## Task material
■ ■ ■ ■ ■
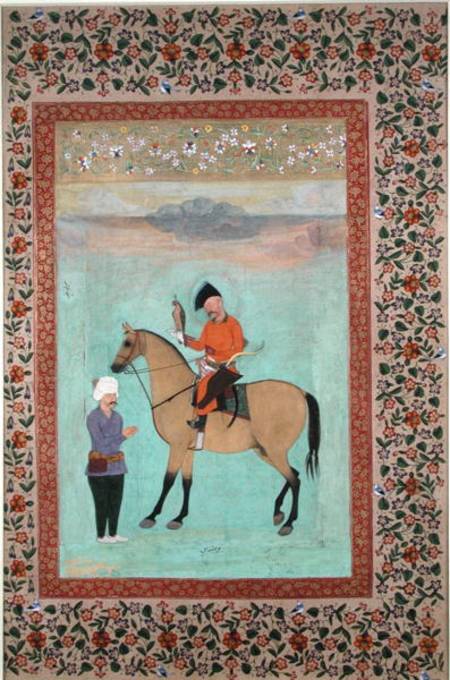 Ms E-14 Shah Abbas (1571-1629) on a horse holding a falcon from Indian School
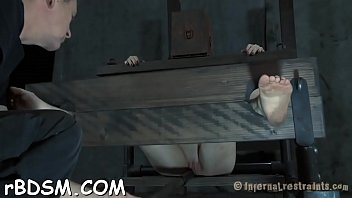 Preview 4 of Natnal Xxx - Bounded slave angel is getting a lusty pussy castigation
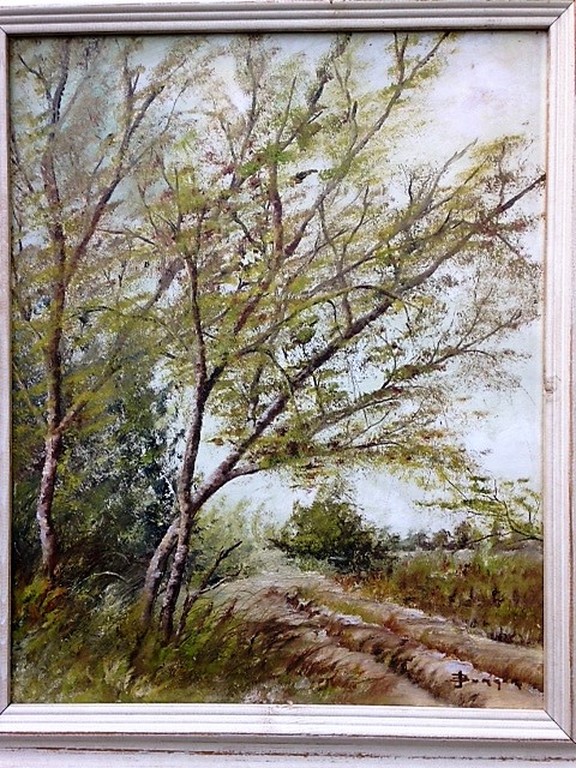 Joop Burger, olieverf op paneel, Berkenbomen langs bospad kopen? Bied vanaf 1!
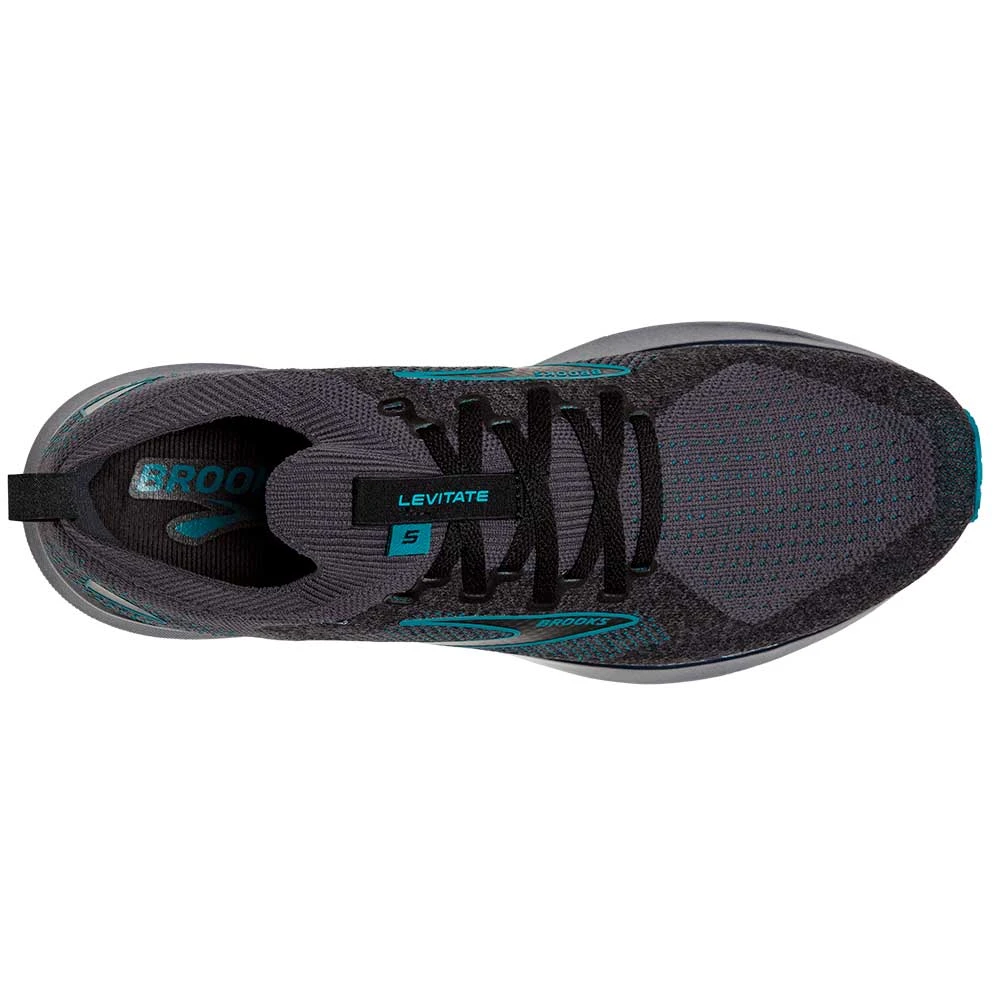 BROOKS Men's Levitate StealthFit 5 Running Shoe- Black/Ebony/Crystal Teal- Regular (D) 5 BROOKS Men's Levitate StealthFit 5 Running Shoe- Black/Ebony/Crystal Teal- Regular (D) - Image 5
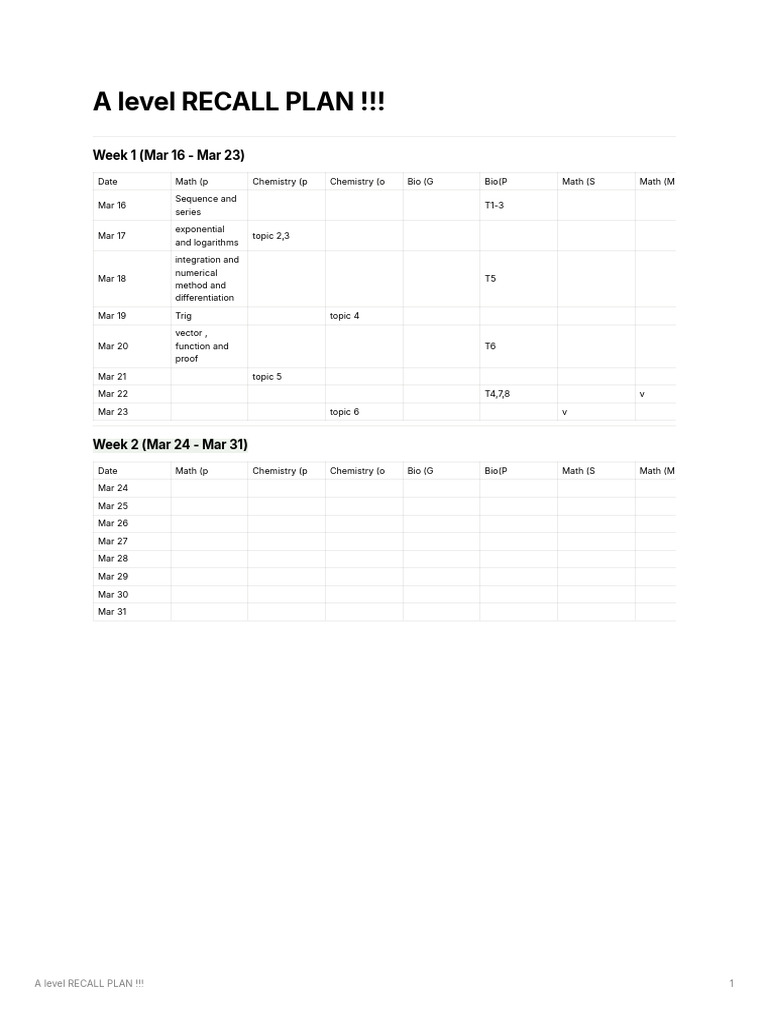 A Level RECALL PLAN !!! | PDF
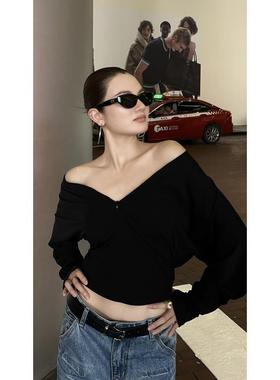 AR专属 | 洋气衣服女装小衫半开拉链气质V领长袖T恤A8L296CT253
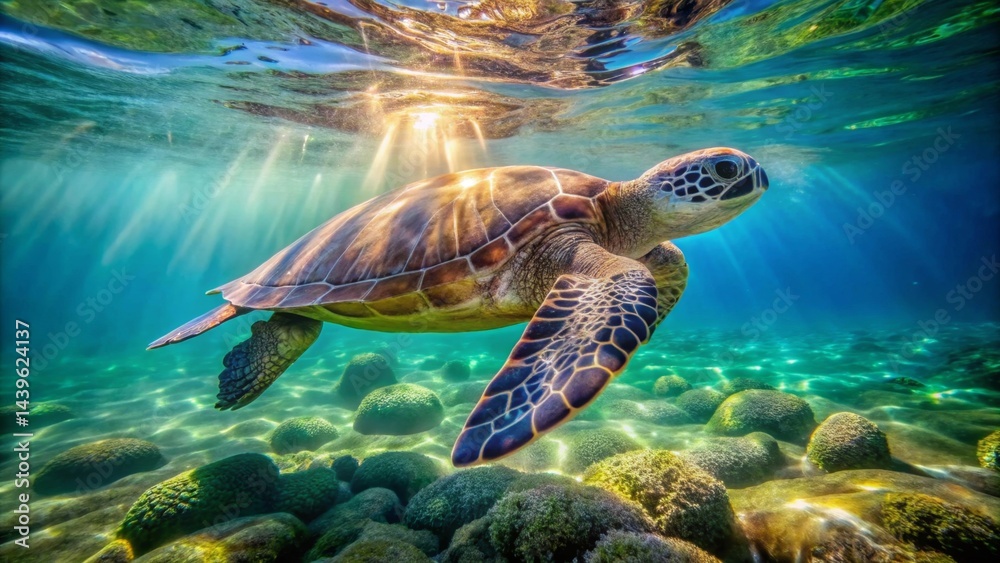 Obraz premium Serene Underwater Scene Featuring a Majestic Sea Turtle Gracefully Gliding Through Sunlit Coral Reef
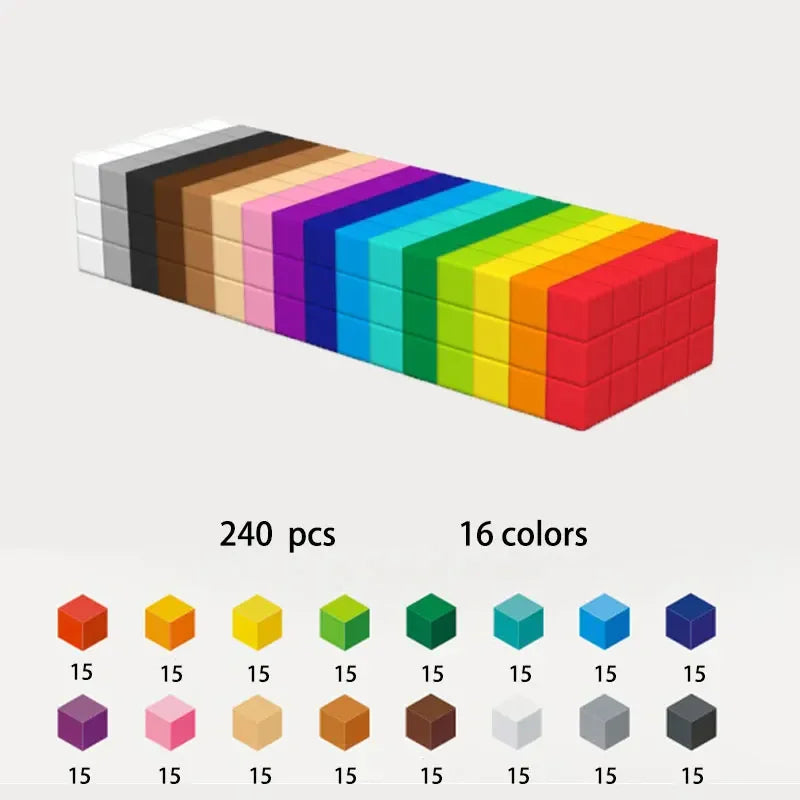 A rectangular block of 240 pieces in a rainbow gradient of 16 colors.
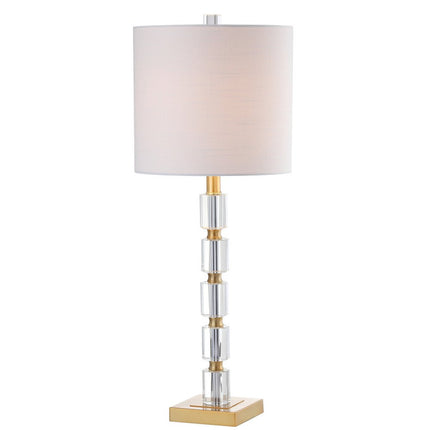 Set of Two 29" Clear And Brass Novelty Table Lamps With Drum Shades HomeRoots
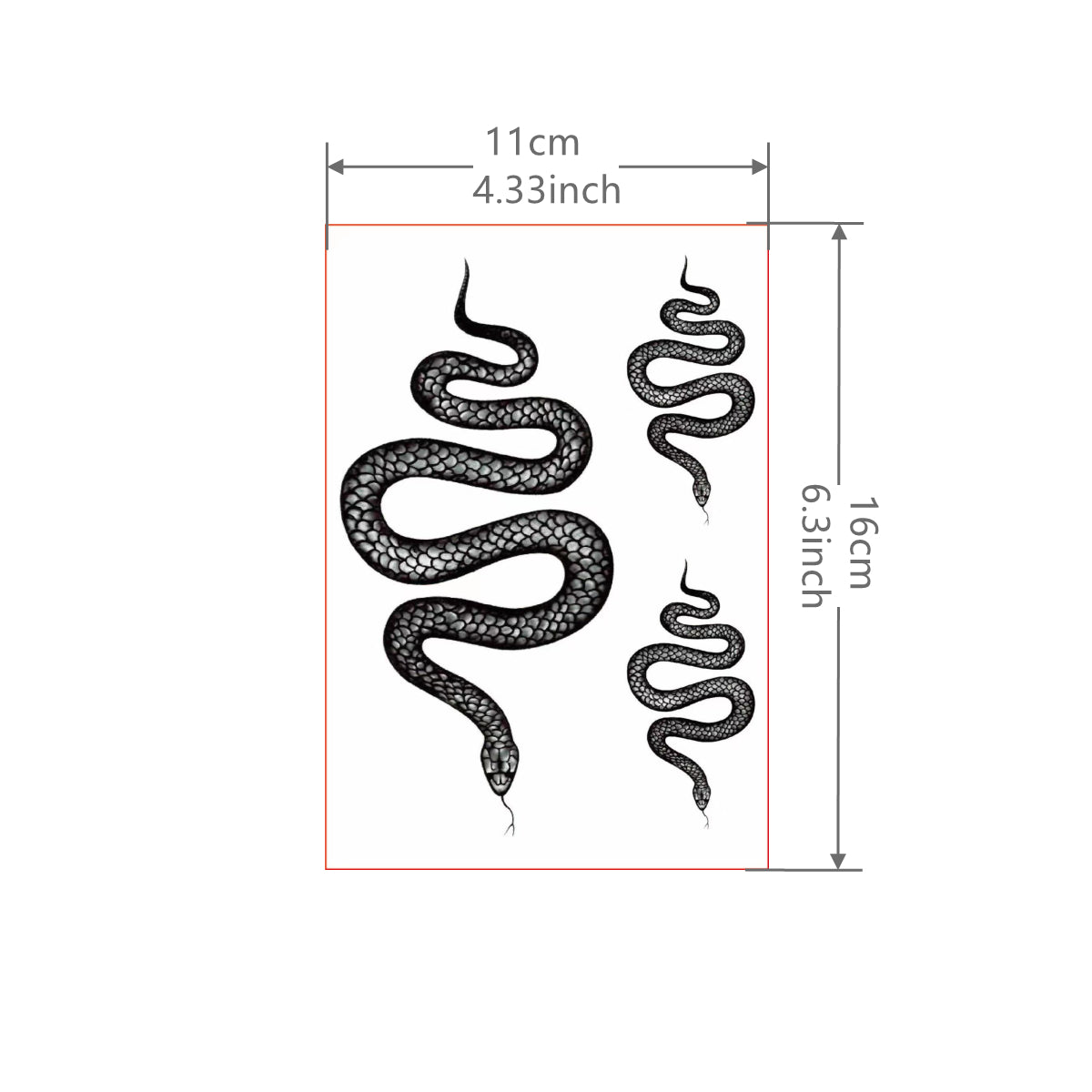 Realistic Snake Pattern Hand Tattoo Sticker Waterproof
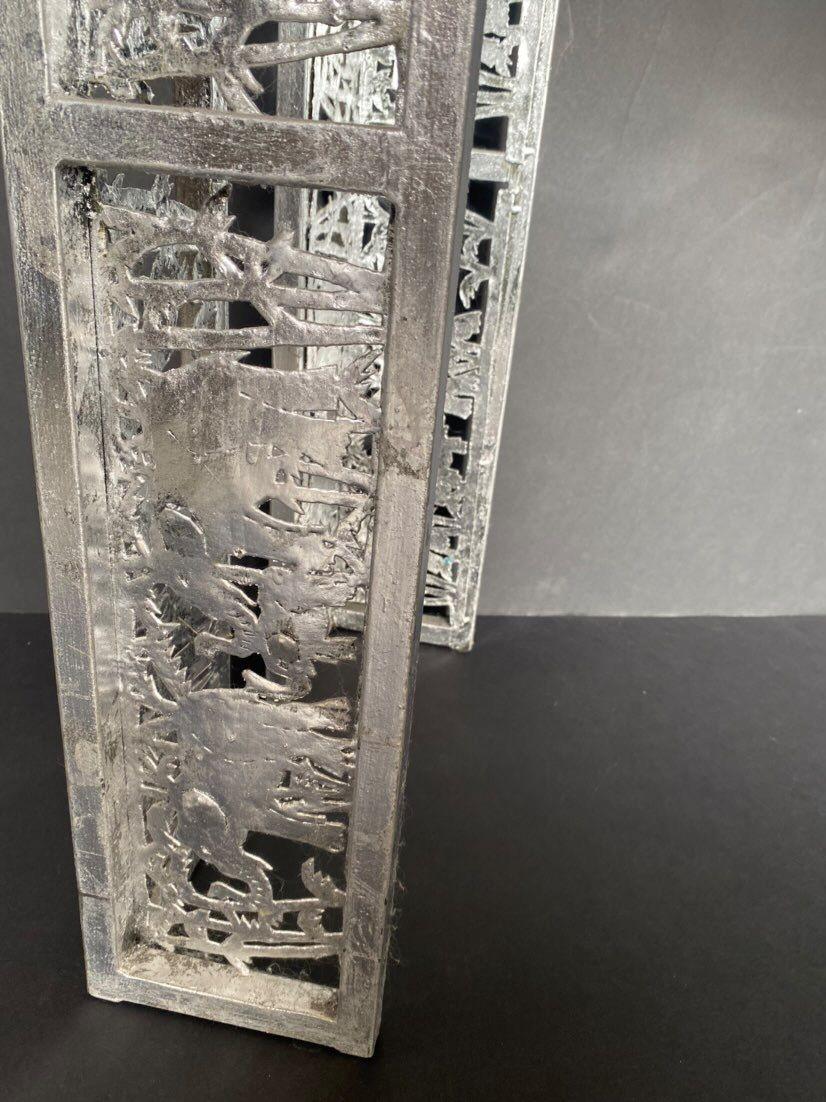 Metal Silver Leaf Finish Console with Elephant Scenes in the Jungle For Sale 3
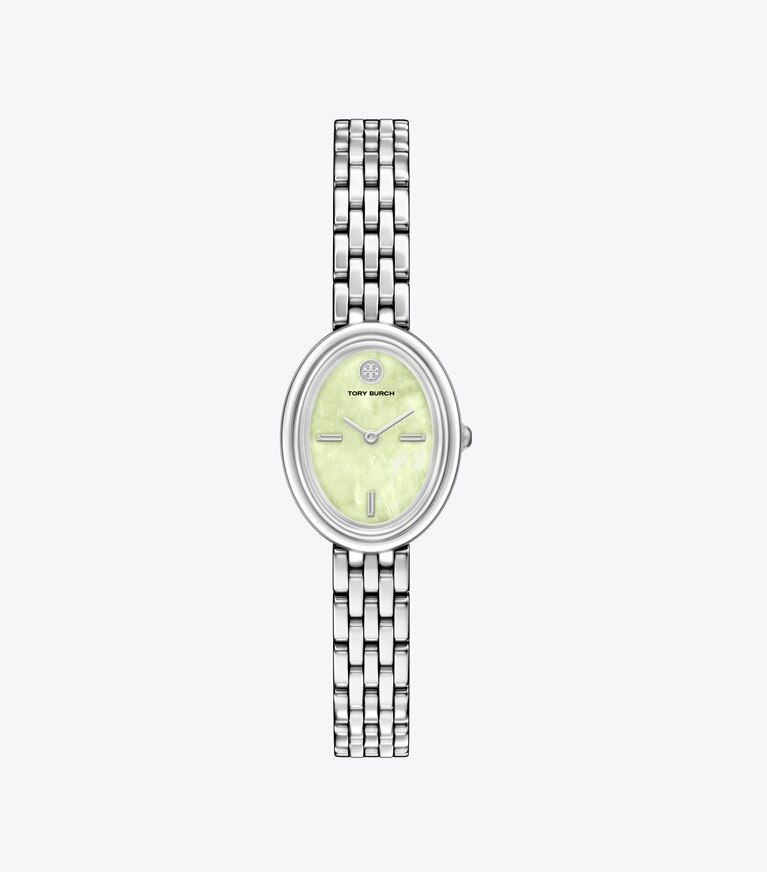 Tory Burch diseñador relojes con correa Reloj ovalado en MINT GREEN MOP/SILVER frente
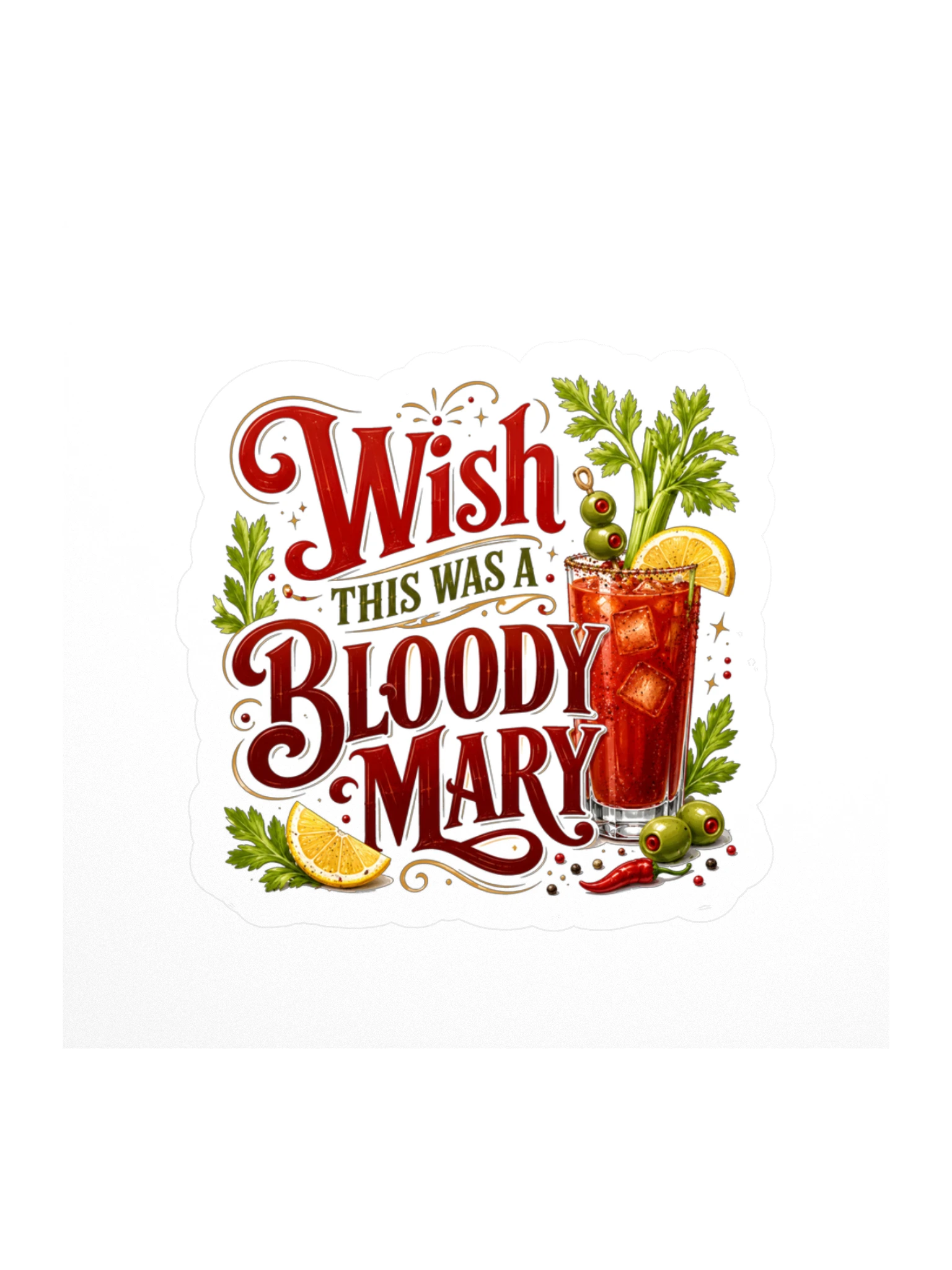 Wish This Was A Bloody Mary sticker preview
■ ■ ■ ■ ■
## Task statement
Skip the pictures and write out exactly the lines from the line containing "A rectangular block" through the end of the listing above.

## The completed task
 A rectangular block of 240 pieces in a rainbow gradient of 16 colors.
 Set of Two 29" Clear And Brass Novelty Table Lamps With Drum Shades HomeRoots
 Realistic Snake Pattern Hand Tattoo Sticker Waterproof
 Metal Silver Leaf Finish Console with Elephant Scenes in the Jungle For Sale 3
 Tory Burch diseñador relojes con correa Reloj ovalado en MINT GREEN MOP/SILVER frente
 Wish This Was A Bloody Mary sticker preview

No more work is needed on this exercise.